Shalat safar hukumnya sunnah (dianjurkan), tidak wajib. Hal ini berdasarkan hadis riwayat Anas bin Malik RA bahwa Rasulullah SAW tidak pernah meninggalkan sebuah tempat kecuali dengan shalat dua rakaat.

2. Apakah shalat safar harus dikerjakan berjamaah?

Tidak. Shalat sunnah safar hendaknya dikerjakan sendirian tanpa berjemaah sebelum meninggalkan rumah atau tempat tinggal. Hal ini berbeda dengan shalat sunnah lainnya yang dianjurkan secara berjamaah.

3. Kapan waktu terbaik melaksanakan shalat safar?

Shalat safar dapat dilaksanakan kapan saja, baik siang maupun malam hari, selama dilakukan sebelum keberangkatan—yakni sebelum keluar dari rumah atau sebelum menaiki kendaraan. Imam Nawawi menjelaskan bahwa shalat ini boleh dilakukan di waktu apa pun.
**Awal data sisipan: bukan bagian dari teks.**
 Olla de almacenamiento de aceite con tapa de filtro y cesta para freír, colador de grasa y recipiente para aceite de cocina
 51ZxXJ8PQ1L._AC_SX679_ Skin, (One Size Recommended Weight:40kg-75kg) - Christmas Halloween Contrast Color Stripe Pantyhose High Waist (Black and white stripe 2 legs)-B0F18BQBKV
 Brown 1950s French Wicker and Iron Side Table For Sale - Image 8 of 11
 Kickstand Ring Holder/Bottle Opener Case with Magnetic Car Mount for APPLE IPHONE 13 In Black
4. Surat apa yang dianjurkan dibaca dalam shalat safar?

Pada rakaat pertama dianjurkan membaca Surat Al-Kafirun setelah Al-Fatihah, dan pada rakaat kedua dianjurkan membaca Surat Al-Ikhlas setelah Al-Fatihah.
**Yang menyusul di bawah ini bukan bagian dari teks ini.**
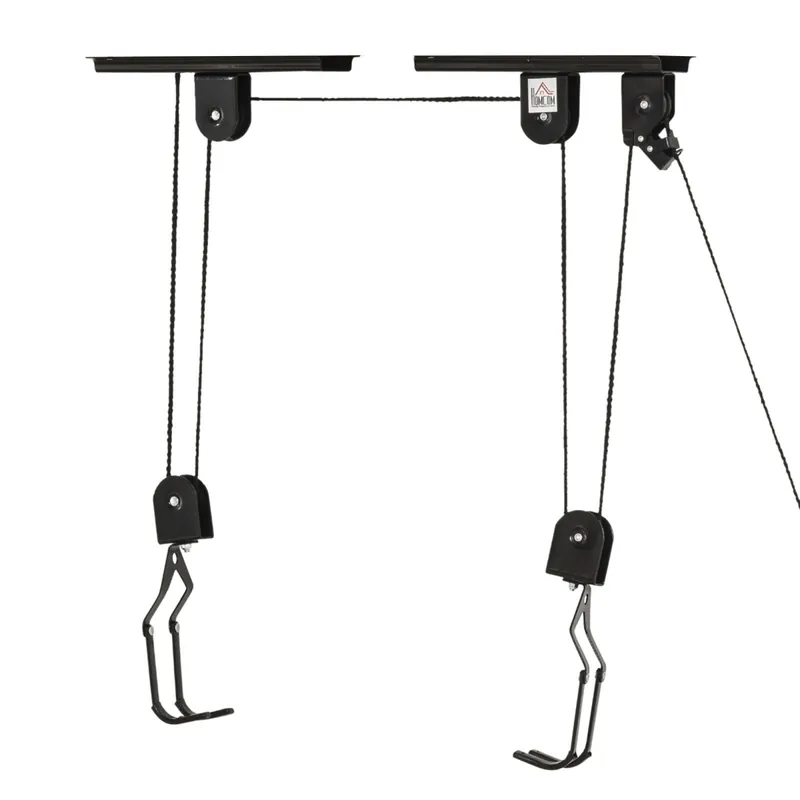 EASYCOMFORT Paranco per Bici Sistema di Puleggia, Ganci, Max. Carico 20kg, in Acciaio PP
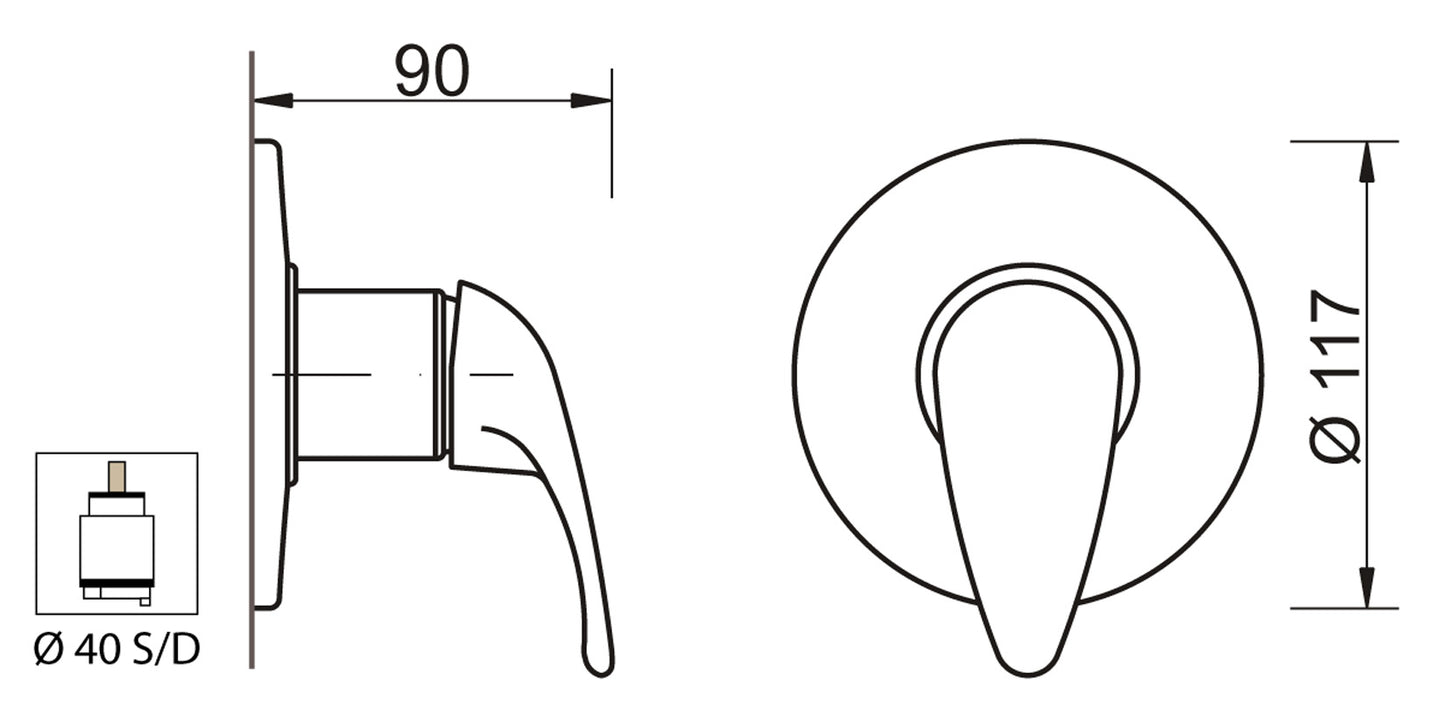 Miscelatore Incasso Doccia Duemmeggi Premiere Installazione Muro Parete 1 Via Meccanico 1 Leva Manopola Monocomando 1 Foro Monoforo Stile Classico Con Piastra Materiale Ottone Finitura Cromata Made in Italy Garanzia 5 Anni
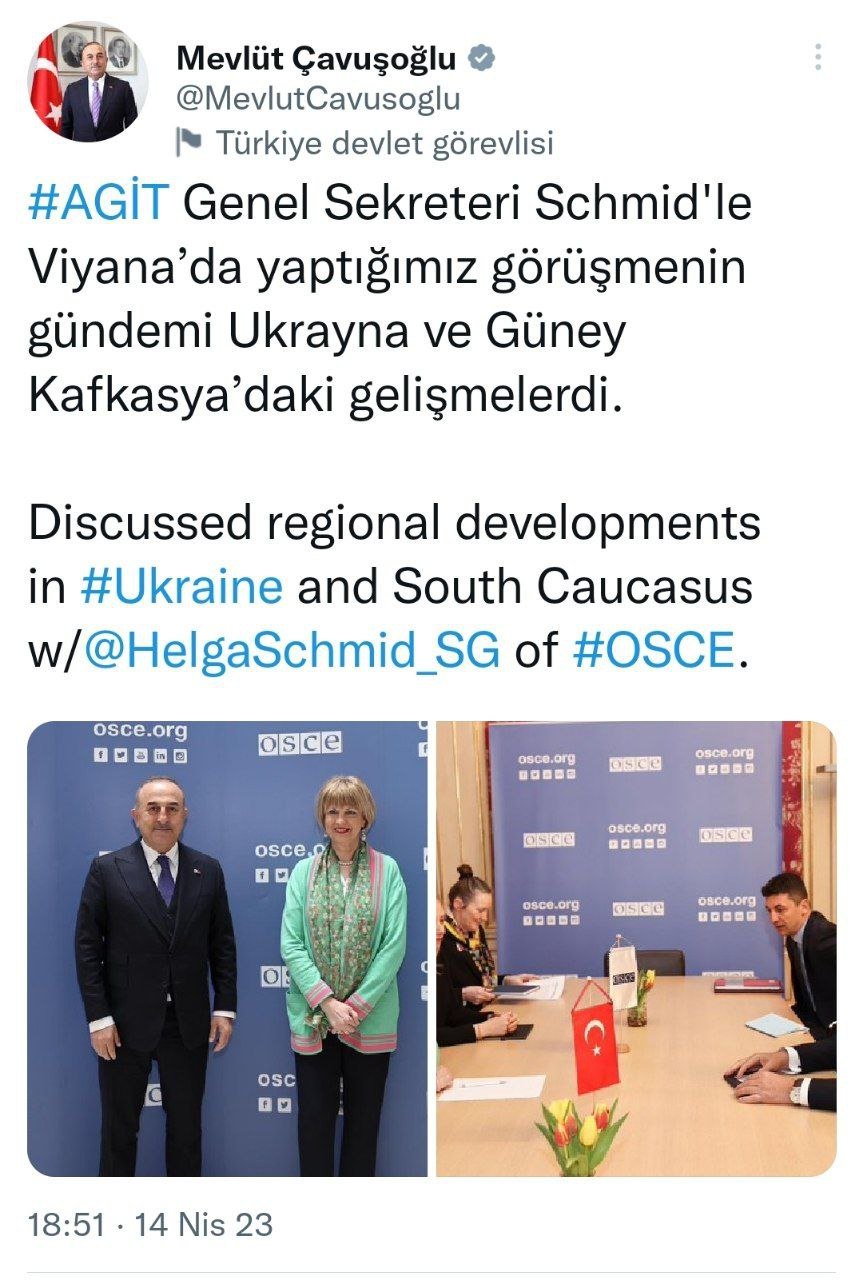 Çavuşoğlu ATƏT-in baş katibi ilə Ukrayna və Cənubi Qafqazdakı vəziyyətdən DANIŞDI - FOTO - foto 1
5. Apa dalil utama shalat safar?

Dalil utama shalat safar adalah hadis riwayat Anas bin Malik RA: "Sungguh, Nabi Muhammad SAW tidak tinggal di suatu tempat kecuali meninggalkan tempat tersebut dengan shalat dua rakaat" (HR Anas bin Malik), serta hadis riwayat ath-Thabrani: "Tidak ada sesuatu yang lebih utama untuk ditinggalkan seorang hamba bagi keluarganya, daripada dua rakaat yang dia kerjakan di tengah (tempat) mereka ketika hendak melakukan perjalanan" (HR ath-Thabrani).